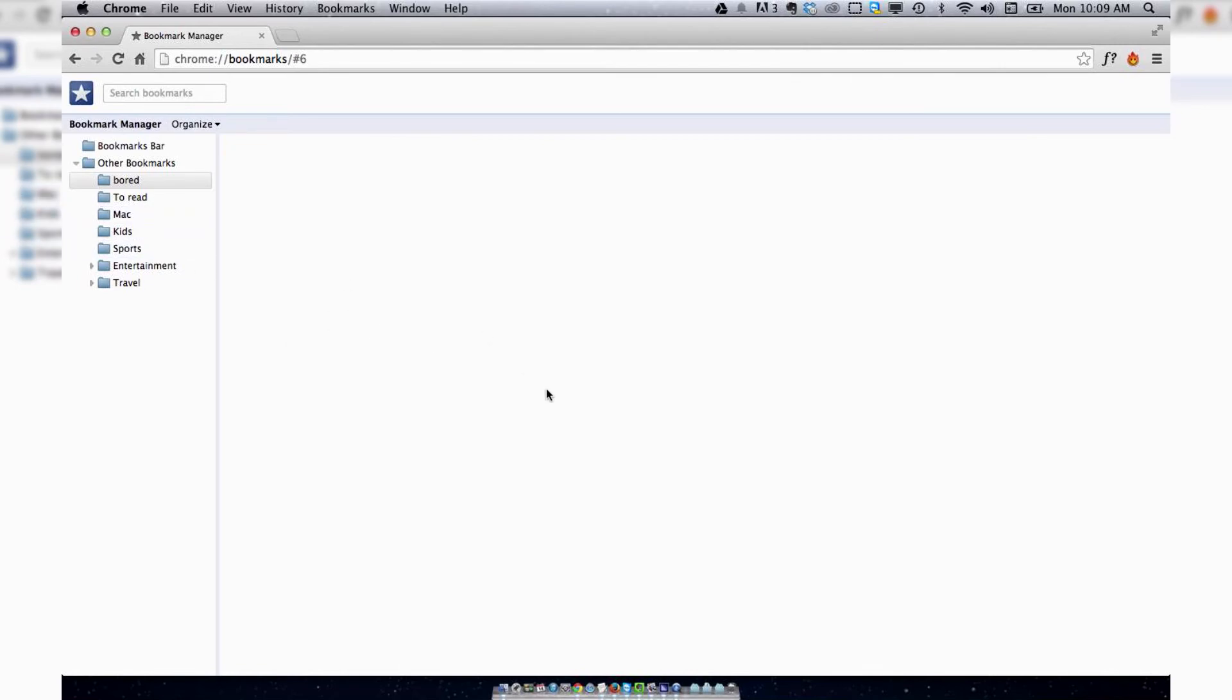But for the time being I've had enough of bookmarks, and I'm going to start from scratch.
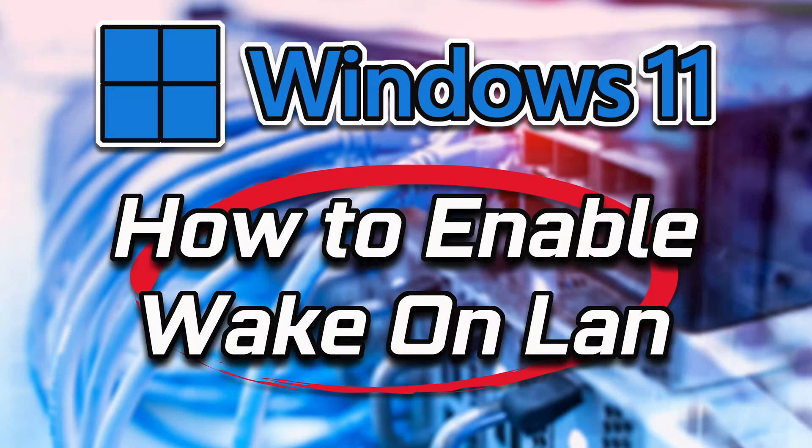If you want to turn on Windows 11 using a magic packet, then watch this tutorial to learn how to enable Wake on LAN on Windows 11 in a quick and easy way.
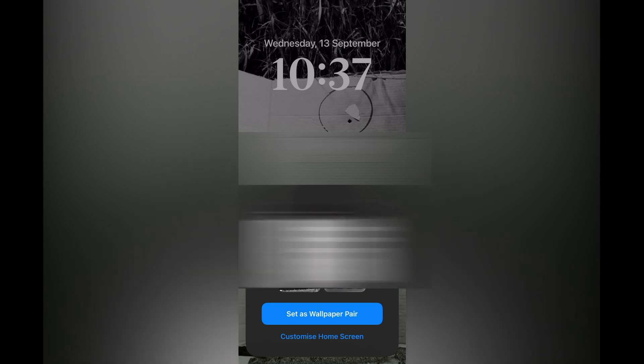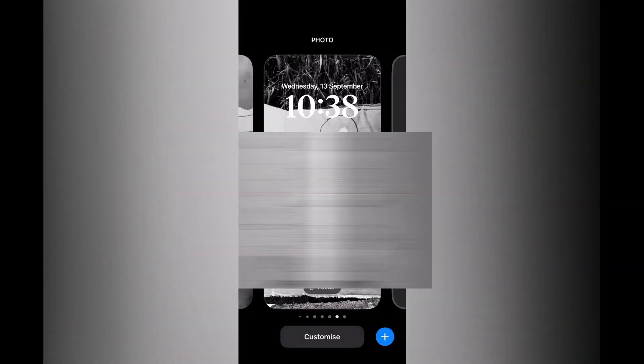Then you can choose to set it as wallpaper pair, meaning it will not only be set as your home screen but it will also be set as your wallpaper, or you can customize your wallpaper by simply tapping on customize home screen. Once you're finished, tap on set as pair, then tap on it and that's it.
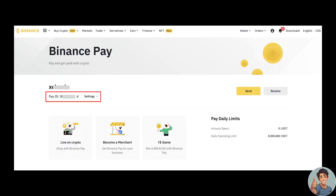To find your Binance Pay ID on the Binance website, you simply just need to log into your Binance account and hover down to Finance right here. When you click on Finance, you would simply see your Pay ID below your nickname right here.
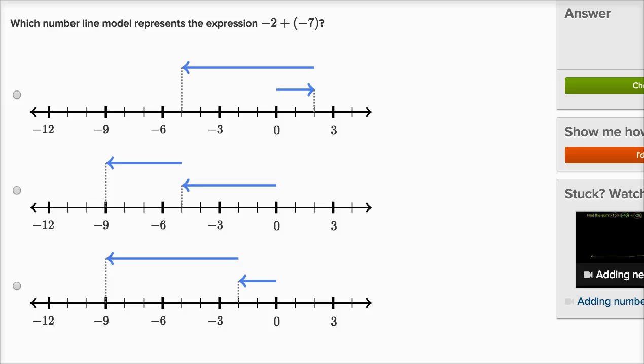We've already spent some time introducing ourselves to the idea of adding or subtracting positive and negative numbers. What I now want to do in this video is do a bunch of examples using the adding negative numbers on the number line exercise on Khan Academy, so that we can think about different ways to model, think about, or visualize adding and subtracting positive and negative numbers.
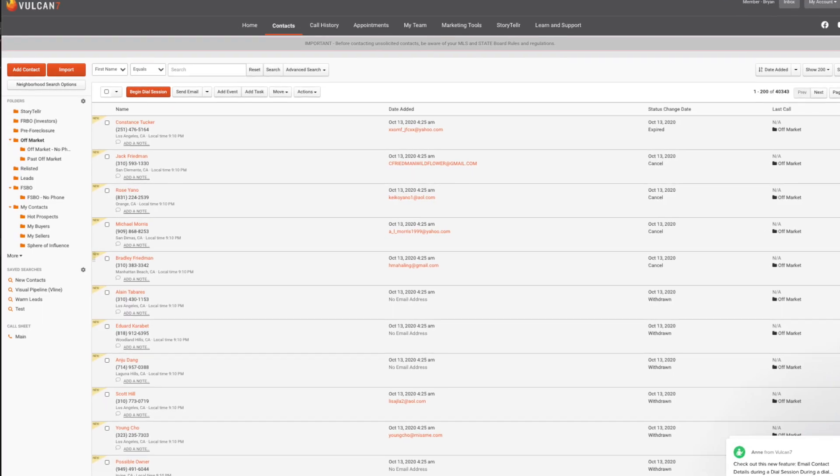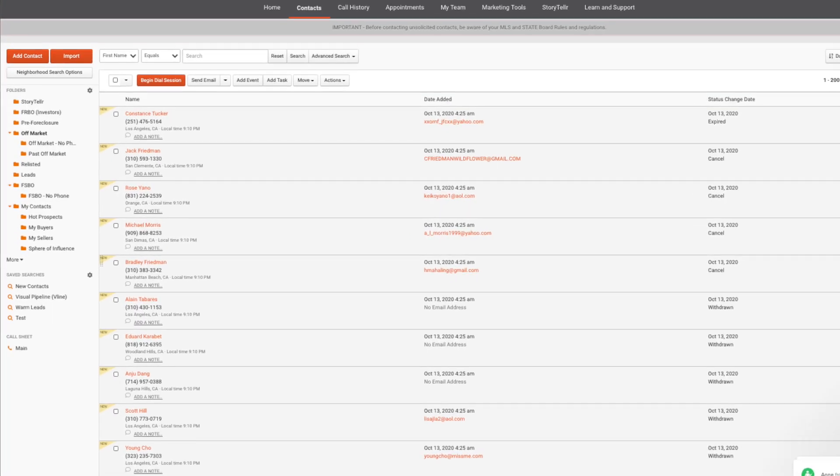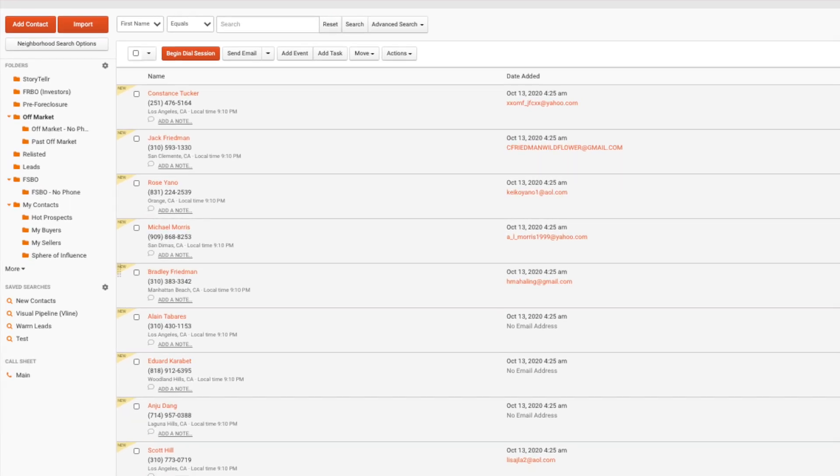When it comes to the data and what I use to call out, I am currently using the data from Vulcan 7. Vulcan 7 provides me with for sale by owner data, for rent by owner data, as well as expired data. I currently do not have the neighborhood geo lead feature. What I do is have Vulcan 7 synced up to Mojo.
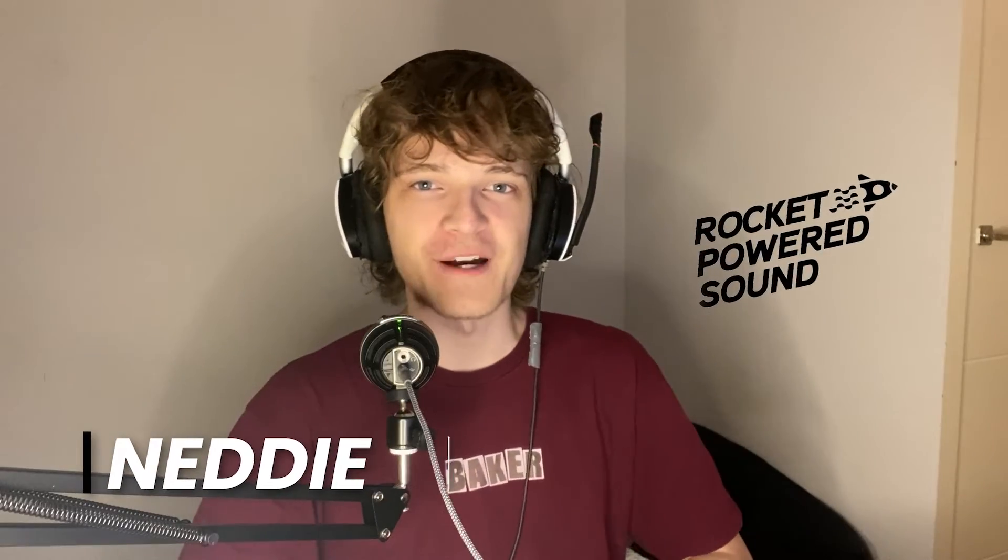Hey guys, this is Nettie with Rocket Pirate Sound. In this video, I'm going to be showing you guys how to make the sustain bass from Crank Dat STFU, which sounds something like this.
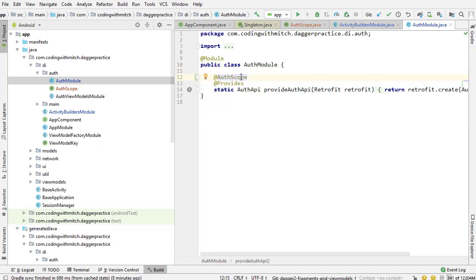So I'm going into the auth module annotating the only dependency in here which is the auth API, annotating that with auth scope and we should be good to go.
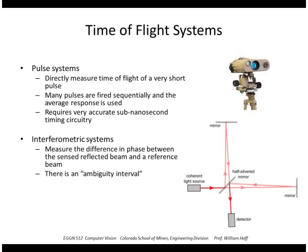Another type is an interferometric system, which shines an amplitude-modulated beam onto an object and measures the interference between the return beam and a reference beam. By measuring the loss in amplitude, you can determine the distance. However, there is an ambiguity interval in this type of system — if the range exceeds one wavelength, you can't tell whether you're at one wavelength or two wavelengths, and so on.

++++++

Leaving out the pictures, please output the lines in the entries above from the one with "If you want" through the one with "When it comes", exactly as they are.

If you want to turn on Windows 11 using a magic packet, then watch this tutorial to learn how to enable Wake on LAN on Windows 11 in a quick and easy way.
Then you can choose to set it as wallpaper pair, meaning it will not only be set as your home screen but it will also be set as your wallpaper, or you can customize your wallpaper by simply tapping on customize home screen. Once you're finished, tap on set as pair, then tap on it and that's it.
To find your Binance Pay ID on the Binance website, you simply just need to log into your Binance account and hover down to Finance right here. When you click on Finance, you would simply see your Pay ID below your nickname right here.
We've already spent some time introducing ourselves to the idea of adding or subtracting positive and negative numbers. What I now want to do in this video is do a bunch of examples using the adding negative numbers on the number line exercise on Khan Academy, so that we can think about different ways to model, think about, or visualize adding and subtracting positive and negative numbers.
When it comes to the data and what I use to call out, I am currently using the data from Vulcan 7. Vulcan 7 provides me with for sale by owner data, for rent by owner data, as well as expired data. I currently do not have the neighborhood geo lead feature. What I do is have Vulcan 7 synced up to Mojo.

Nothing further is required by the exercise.